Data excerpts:
........
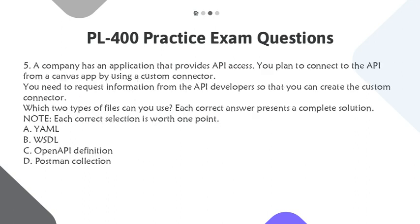Question 5. A company has an application that provides API access. You plan to connect to the API from a Canvas app by using a Custom Connector. You need to request information from the API developers so that you can create the Custom Connector. Which two types of files can you use? Each correct answer presents a complete solution. Note: each correct selection is worth 1 point.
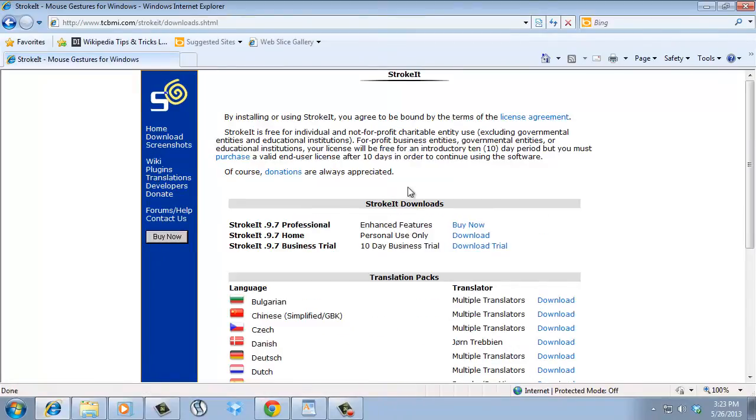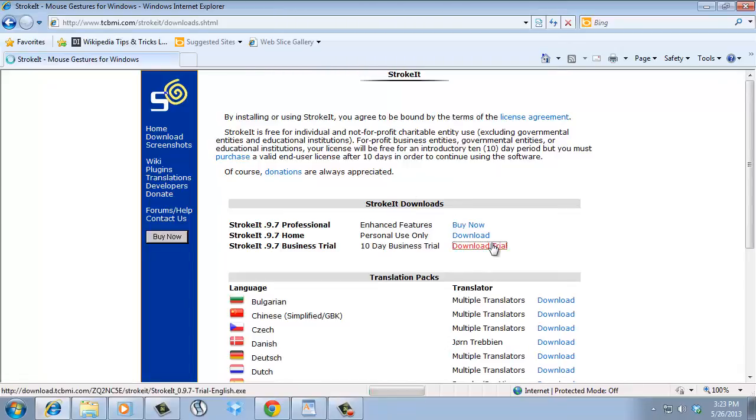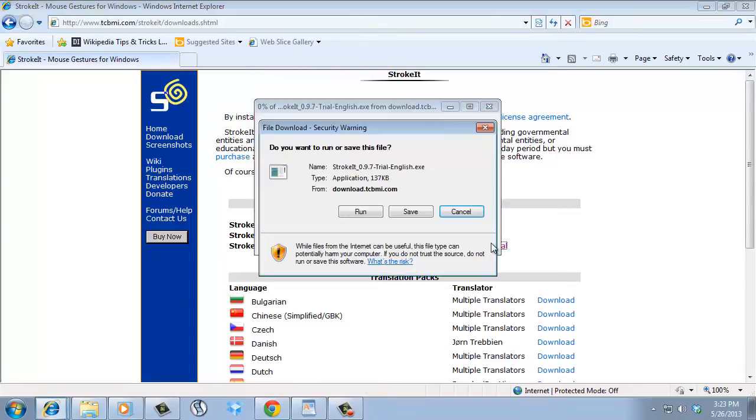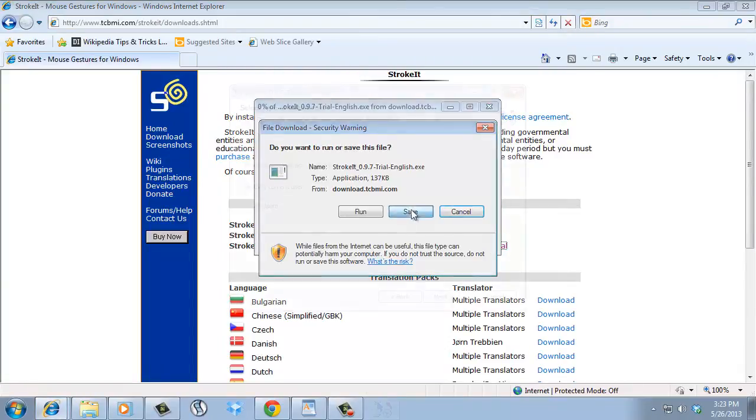Select the way you want to use Stroke IT, then click download or buy buttons near your selected option.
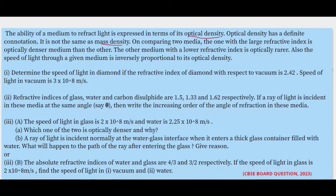On comparing two media, the one with the larger refractive index is optically denser — its optical density is more and light will bend more in that medium. The other medium with a lower refractive index is optically rarer. If any medium has less optical density, its refractive index will also be less and light will bend less in that medium.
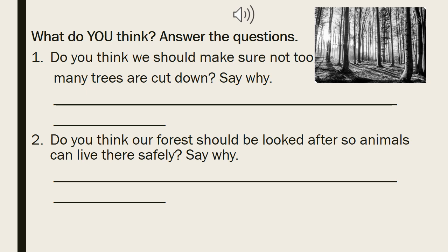Question 1: Do you think we should make sure not too many trees are cut down? Say why. They are asking your reason why we should not cut too many trees. I think the reasons are: if we cut down so many trees, there will be no oxygen; if we cut too many trees, how can we get wood to make furniture? Also, trees are the habitat of animals — where will the animals go? And if we cut down the trees, the soil will become poor. There are many reasons — you can pick one and write it.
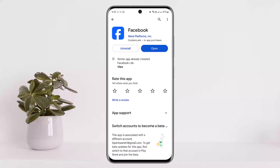If someone views your story who is not in your friend list, they'll be shown as 'one other viewer' or 'two other viewers' depending on the number of non-friend viewers you have. Unfortunately, Facebook does not reveal their identities to protect everybody's privacy.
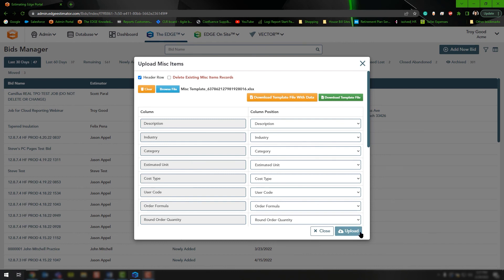The very next job you create after uploading this, if you use any of those products, you'll see the updated information available. If you have any additional questions or run into any issues working with the item template upload or the miscellaneous items upload, please feel free to give us a call on the tech support line. We'd be happy to assist you. Thank you very much for watching and have a great day.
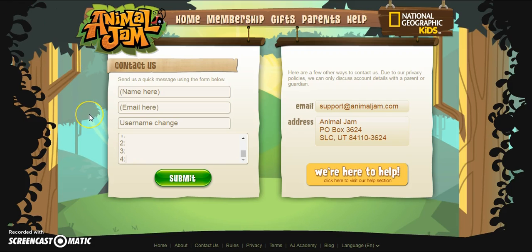Also, so you don't go back and forth with Animal Jam Headquarters, make sure that the username is not taken. Go into the search and type in the username, and also make sure it's not inappropriate.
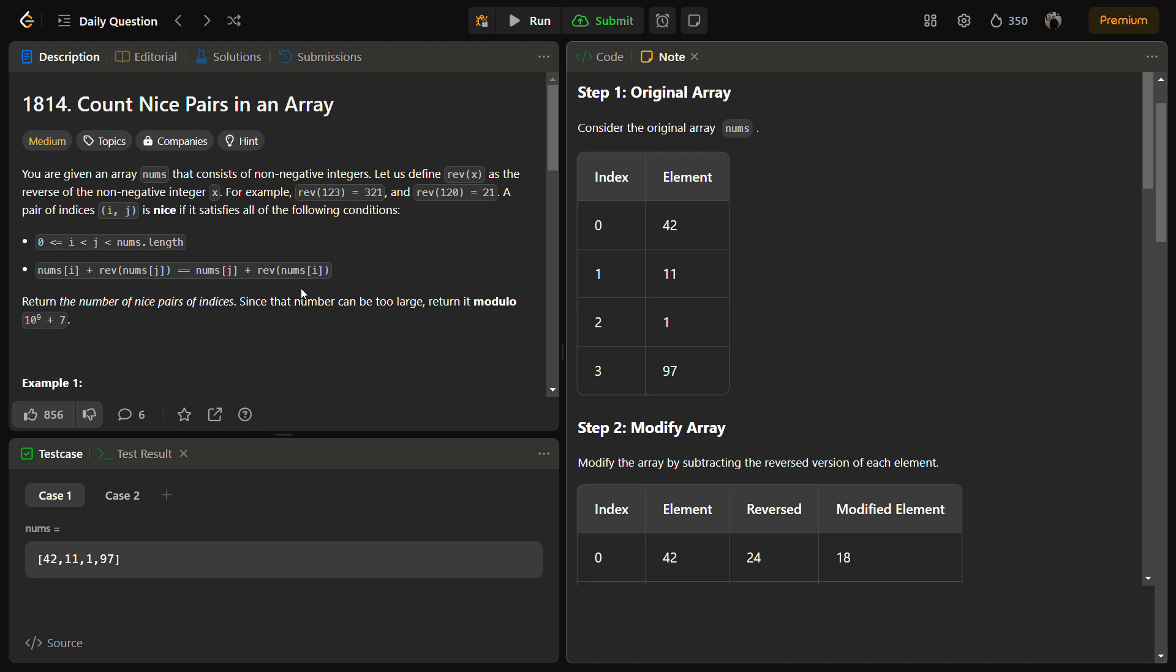Hello guys and welcome back to Lead Logics. This is the Count Nice Pairs in an Array, a LeetCode medium problem number 1814.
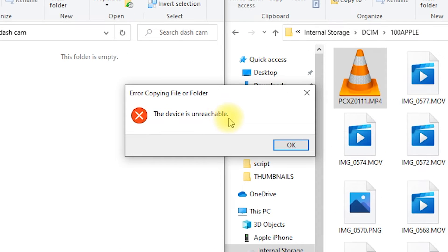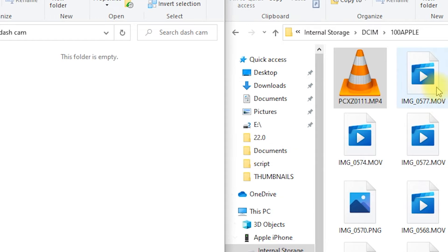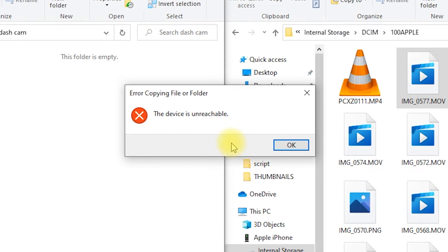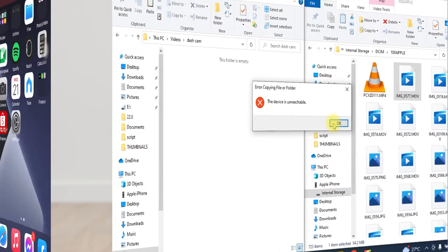How to fix the error 'the device is unreachable' on Windows 10 or Windows 11 when copying files from the iPhone DCIM folder.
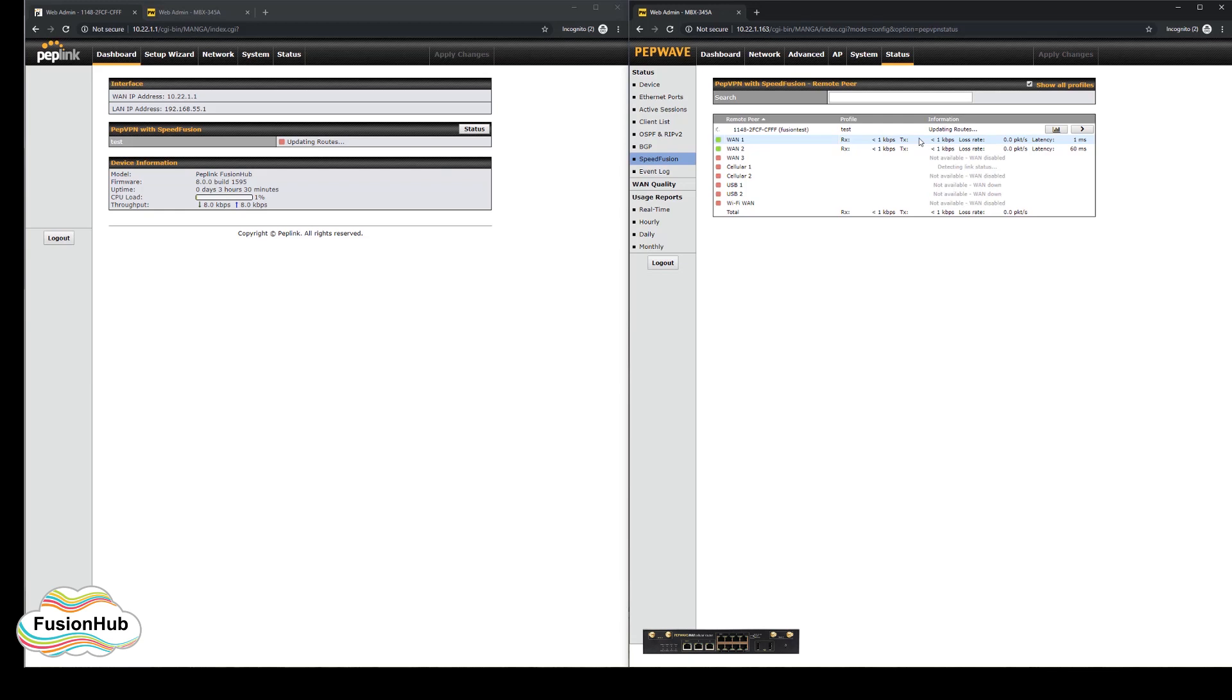Running the pepvpn test on this will also show that traffic is passing over the cellular connection along with the other WAN connections.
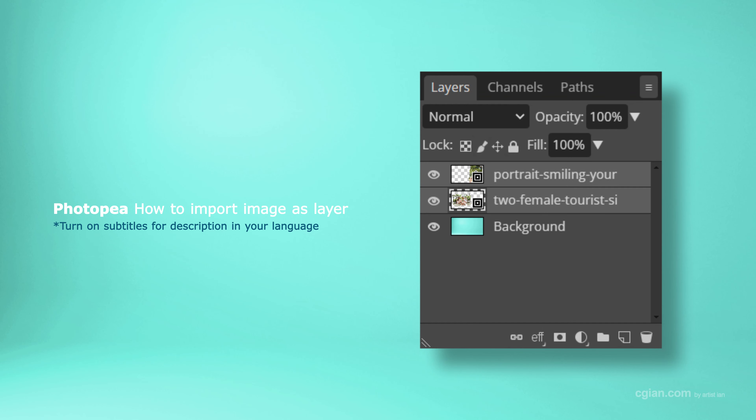Hello, I'm C.G. Yun. This is a quick video to show how to import an image into Photopea.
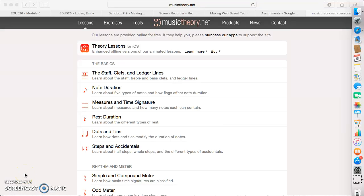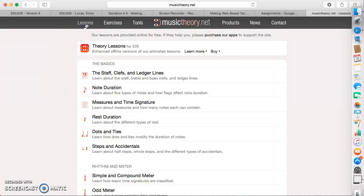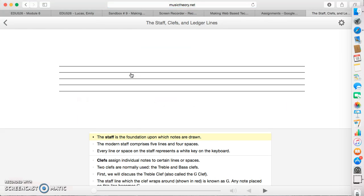Head over to musictheory.net. When you reach that website, click on the lessons button at the top left. Under lessons, you'll see a category called the basics. The first lesson will take you to a site about the staff, clefs, and ledger lines.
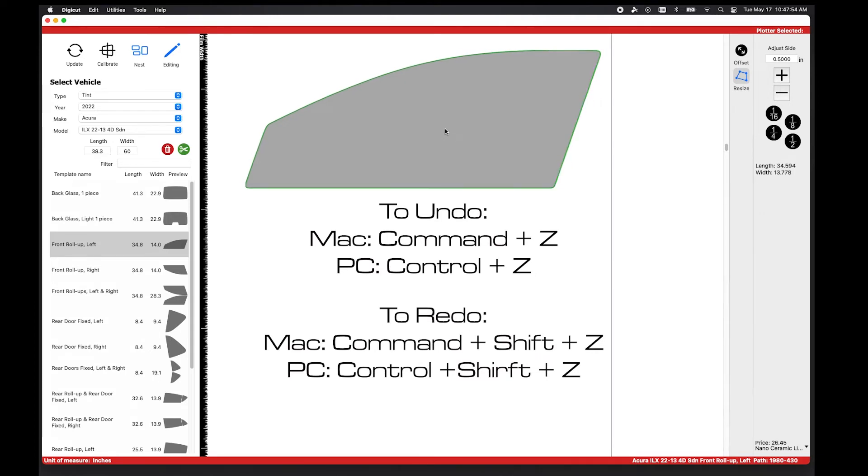In this example, I've edited a template and decide I want to undo the change in order to add film to the front of the window.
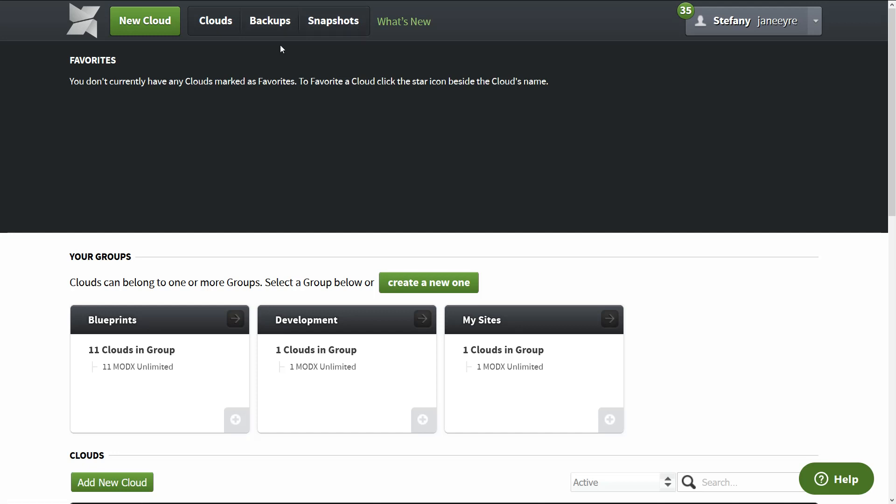You have new cloud, clouds, backups, snapshots. The ModX Cloud automatically backs up your clouds every day and keeps all the backups for seven days.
........
#### Task to carry out
Copy only this, please: the line with "In this example, I've" and every line after it through the end of the data, with no pictures.

#### Reply to the exercise
In this example, I've edited a template and decide I want to undo the change in order to add film to the front of the window.
You have new cloud, clouds, backups, snapshots. The ModX Cloud automatically backs up your clouds every day and keeps all the backups for seven days.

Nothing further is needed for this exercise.